▶ **The task**: The reply should reproduce every line of the data below word for word, minus any images.

Data segment below:

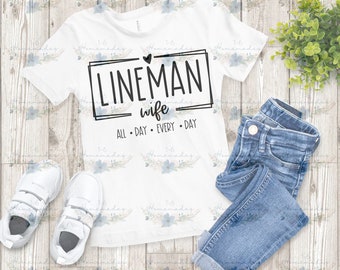 Lineman Wife Design PNG-SVG - Digital Download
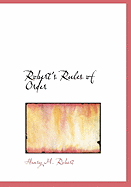 Robert's Rules of Order - Robert, Henry M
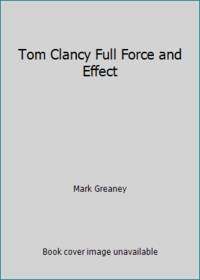 Tom Clancy Full Force and Effect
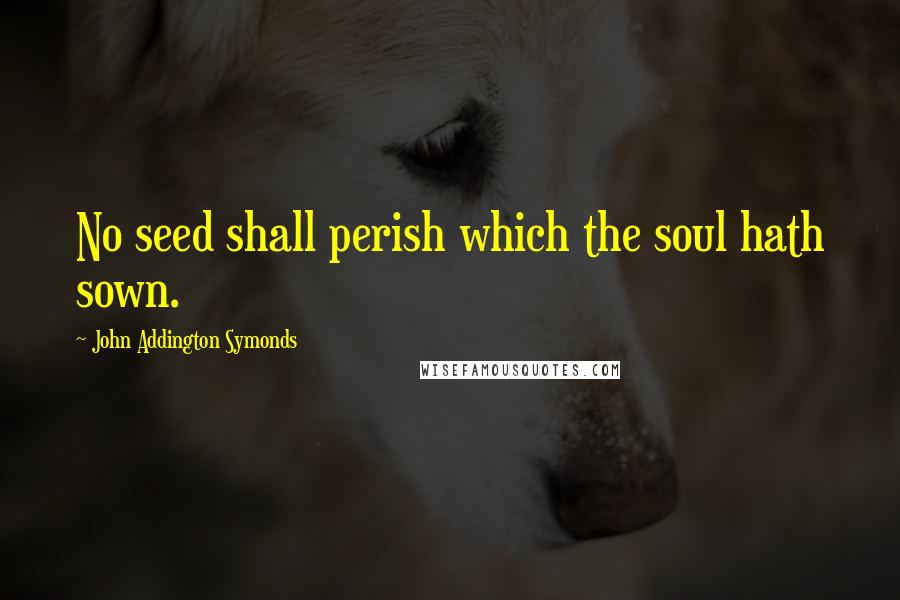 John Addington Symonds Quotes: No seed shall perish which the soul hath sown.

End of Data segment.

▶ **Expected answer**:
 Lineman Wife Design PNG-SVG - Digital Download
 Robert's Rules of Order - Robert, Henry M
 Tom Clancy Full Force and Effect
 John Addington Symonds Quotes: No seed shall perish which the soul hath sown.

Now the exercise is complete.